*TASK ITEM*
Once the line with "Modern Door" is found, write it out along with each later line exactly, through the end of the entries, skipping every picture.

Image-text web data:

☆ ☆ ☆ ☆ ☆ ☆ ☆

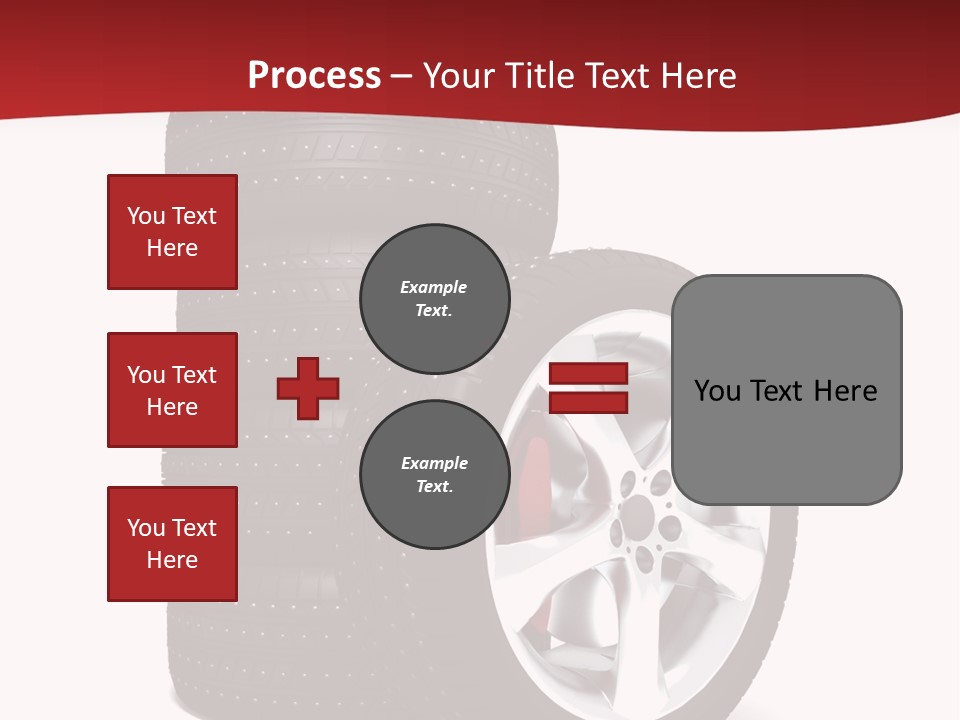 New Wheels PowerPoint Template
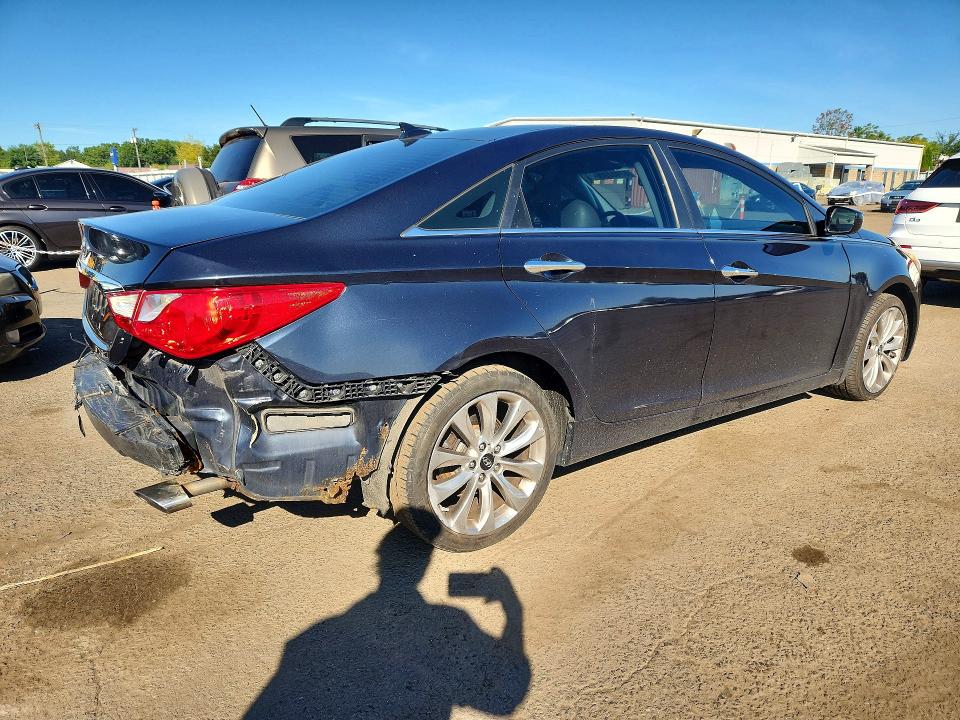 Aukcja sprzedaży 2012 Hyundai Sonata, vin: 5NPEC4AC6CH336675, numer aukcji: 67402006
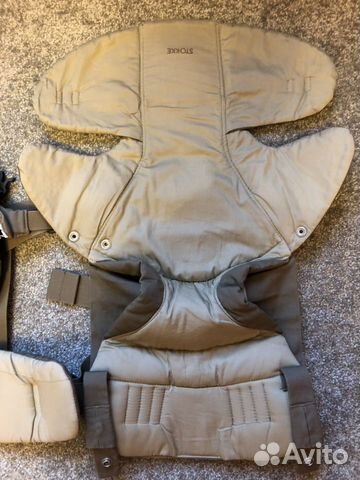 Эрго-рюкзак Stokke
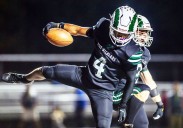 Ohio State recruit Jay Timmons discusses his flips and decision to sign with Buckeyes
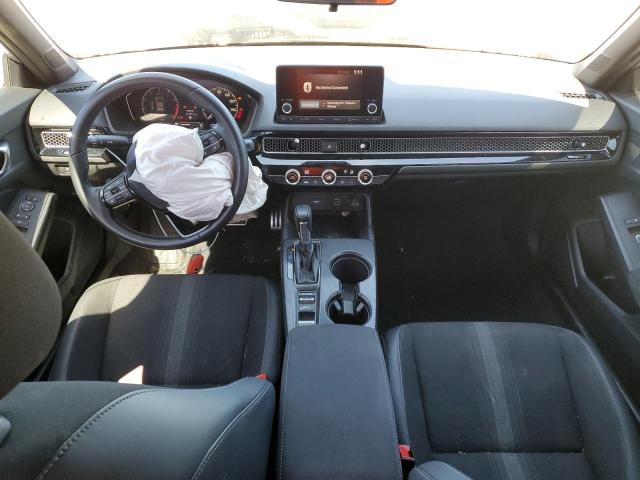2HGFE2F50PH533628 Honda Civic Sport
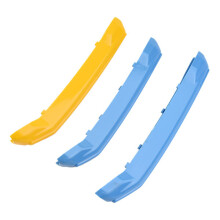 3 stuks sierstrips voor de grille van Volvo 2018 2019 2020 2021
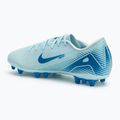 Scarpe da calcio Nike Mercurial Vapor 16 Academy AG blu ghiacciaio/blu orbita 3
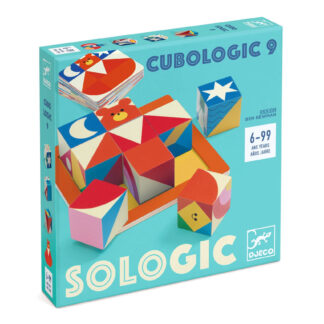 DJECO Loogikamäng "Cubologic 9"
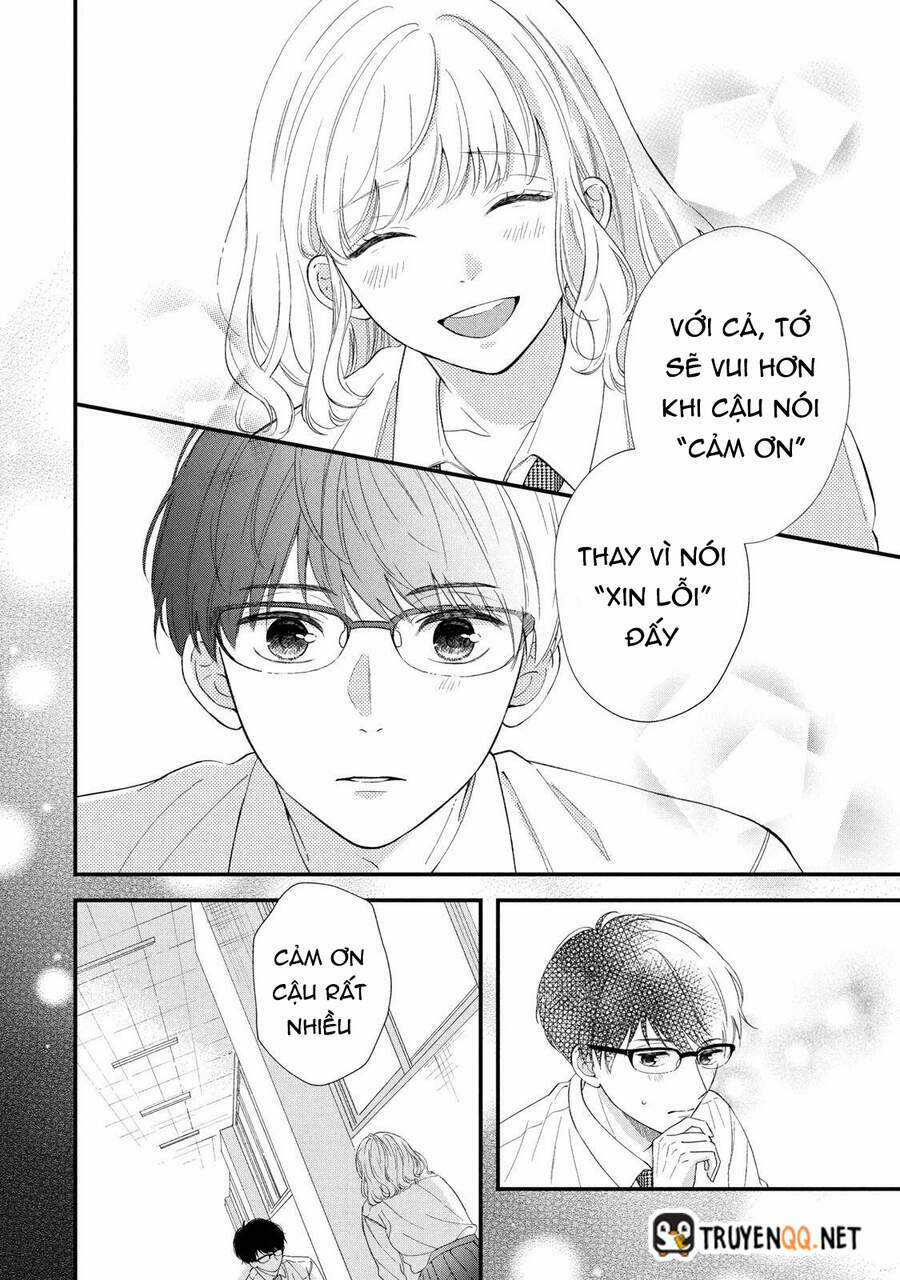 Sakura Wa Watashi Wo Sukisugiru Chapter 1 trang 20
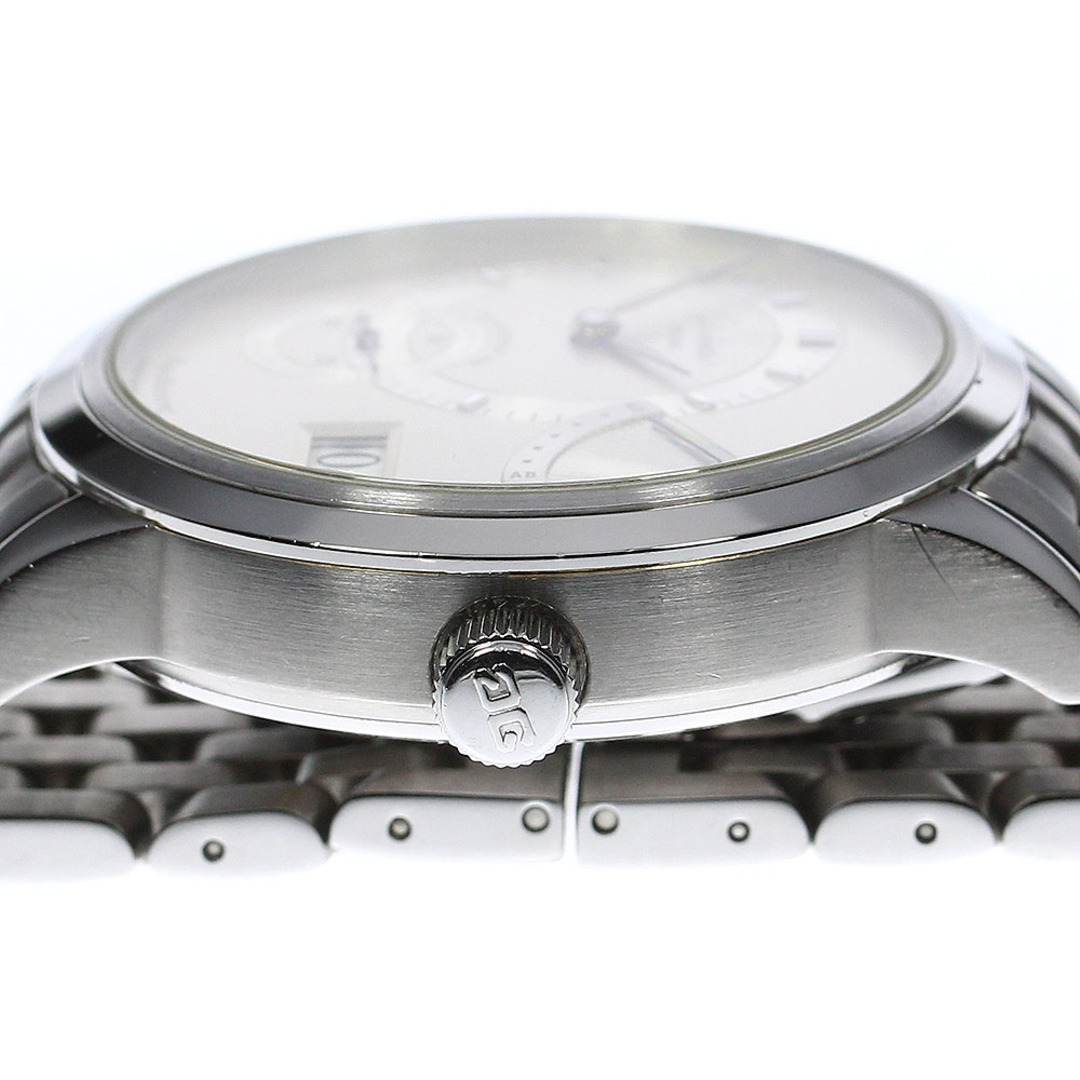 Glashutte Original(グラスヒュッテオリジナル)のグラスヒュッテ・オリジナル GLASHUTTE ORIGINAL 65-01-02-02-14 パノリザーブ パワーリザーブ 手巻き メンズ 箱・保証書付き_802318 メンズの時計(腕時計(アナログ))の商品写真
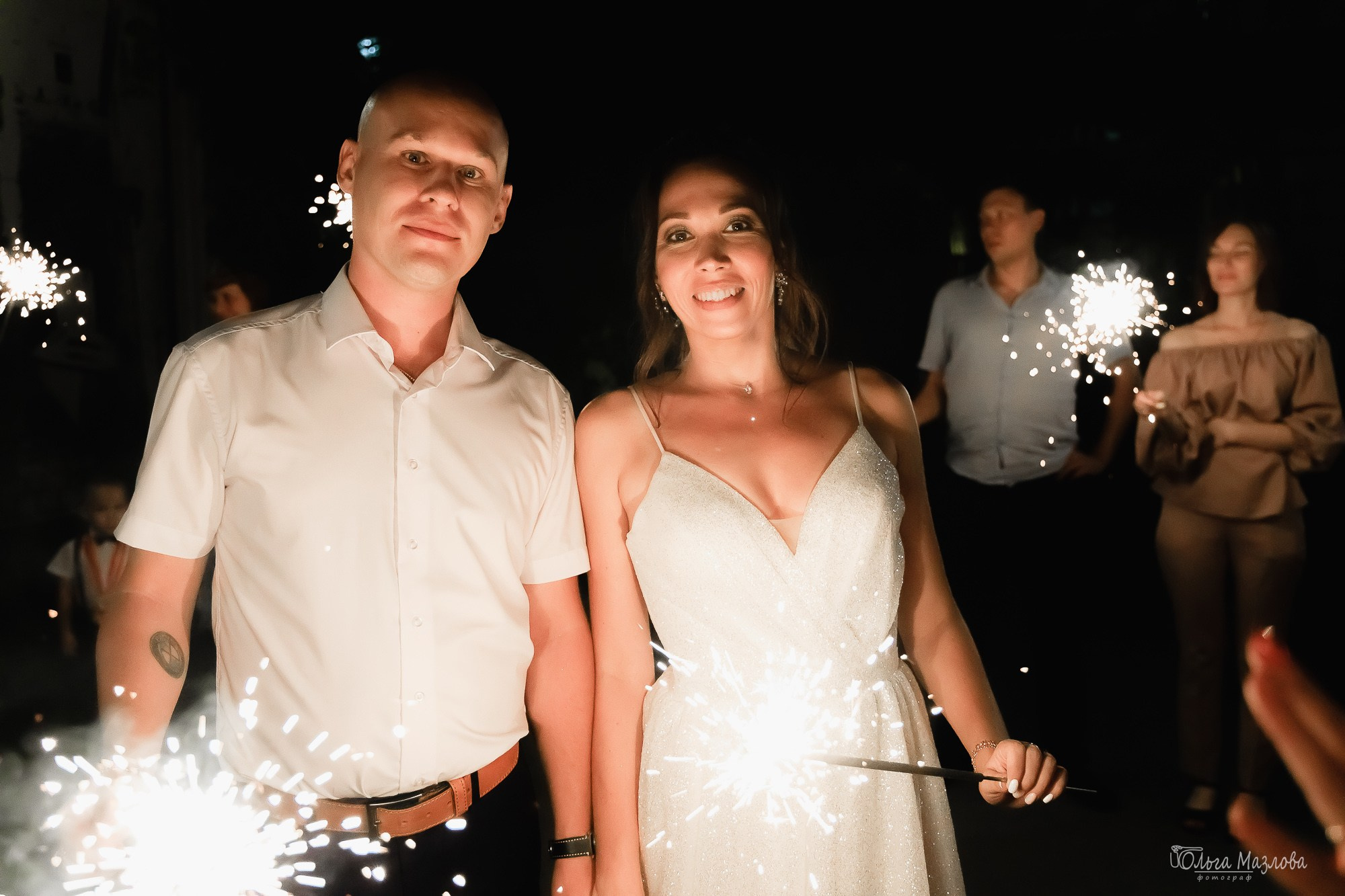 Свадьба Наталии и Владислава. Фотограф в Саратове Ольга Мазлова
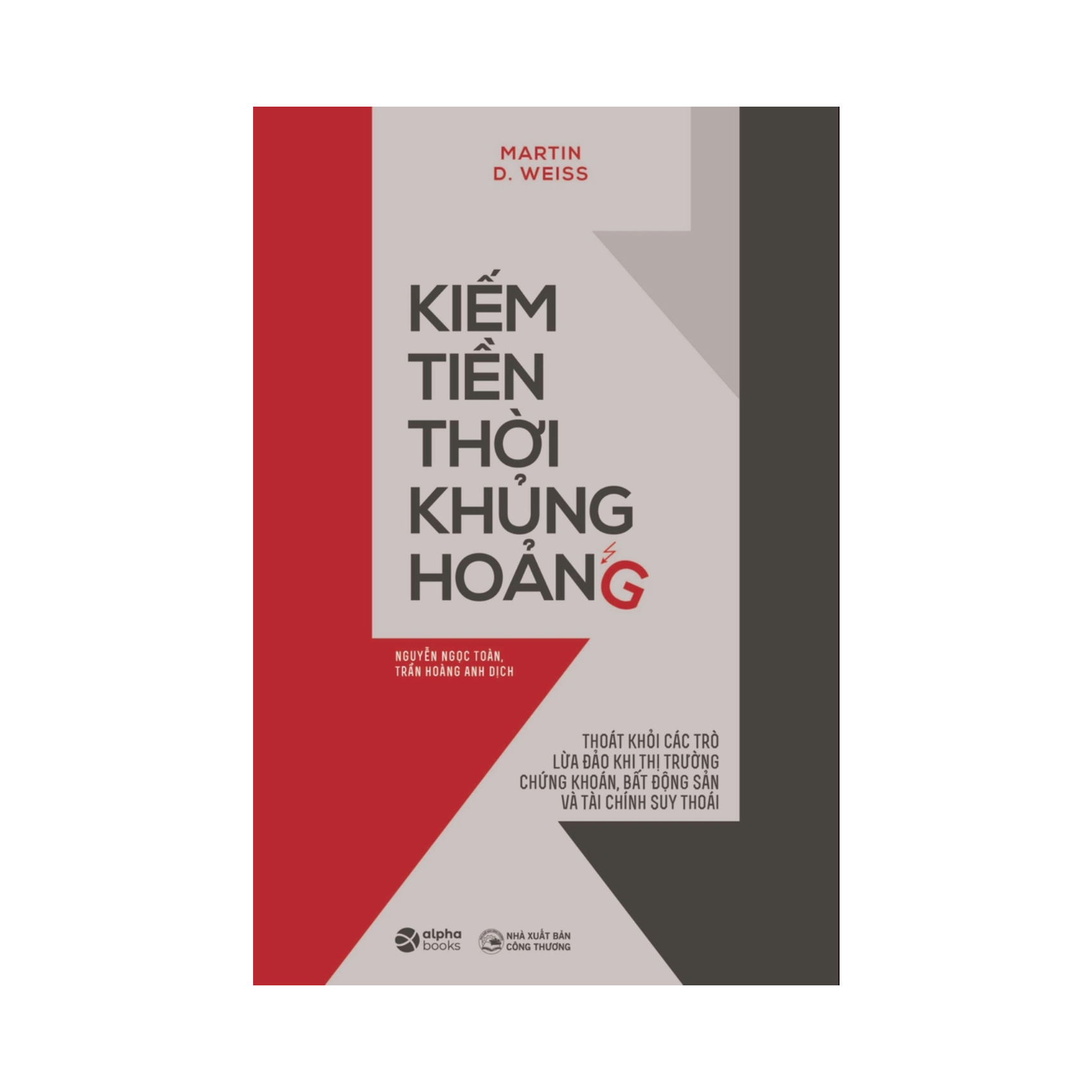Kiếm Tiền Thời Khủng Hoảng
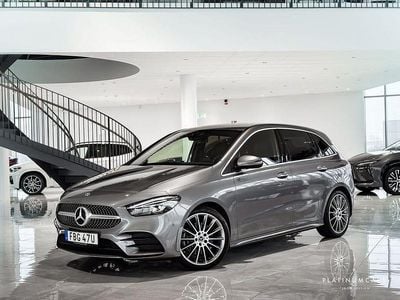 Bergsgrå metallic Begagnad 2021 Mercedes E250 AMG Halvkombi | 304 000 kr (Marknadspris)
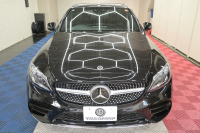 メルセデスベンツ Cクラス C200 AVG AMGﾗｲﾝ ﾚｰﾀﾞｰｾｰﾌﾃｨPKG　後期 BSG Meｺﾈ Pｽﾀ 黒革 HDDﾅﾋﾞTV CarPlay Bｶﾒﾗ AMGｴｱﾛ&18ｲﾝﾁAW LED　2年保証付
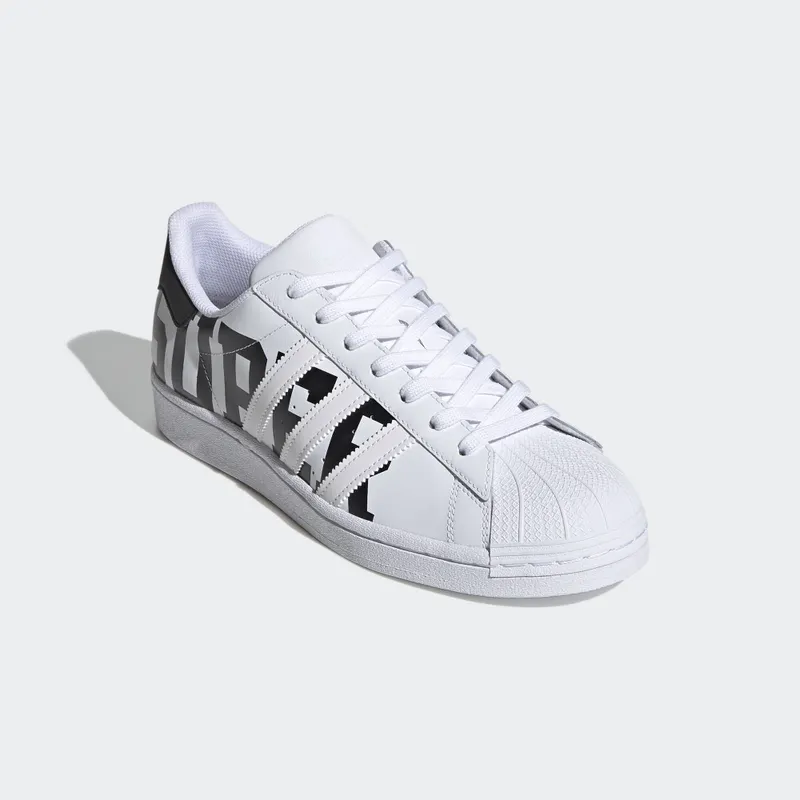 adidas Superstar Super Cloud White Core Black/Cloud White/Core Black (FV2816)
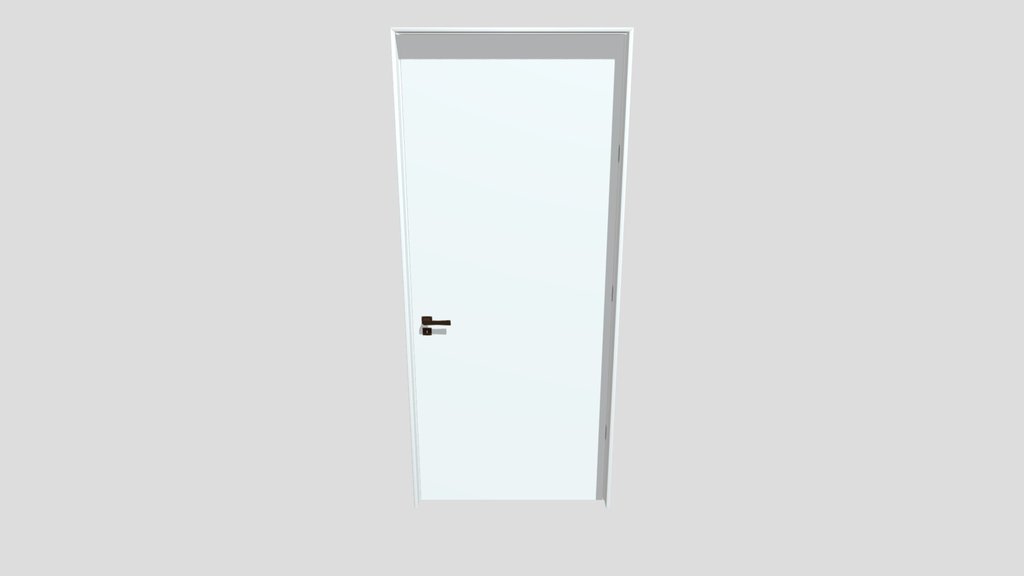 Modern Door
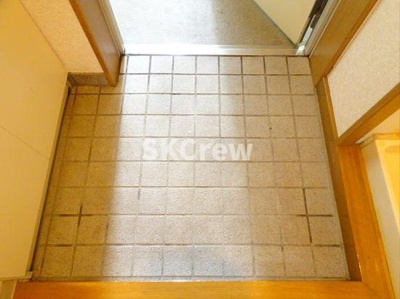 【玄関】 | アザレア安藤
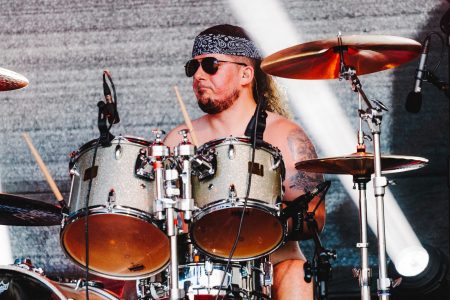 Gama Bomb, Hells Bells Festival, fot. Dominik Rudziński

☆ ☆ ☆ ☆ ☆ ☆ ☆

*YOUR RESPONSE*
 Modern Door
 【玄関】 | アザレア安藤
 Gama Bomb, Hells Bells Festival, fot. Dominik Rudziński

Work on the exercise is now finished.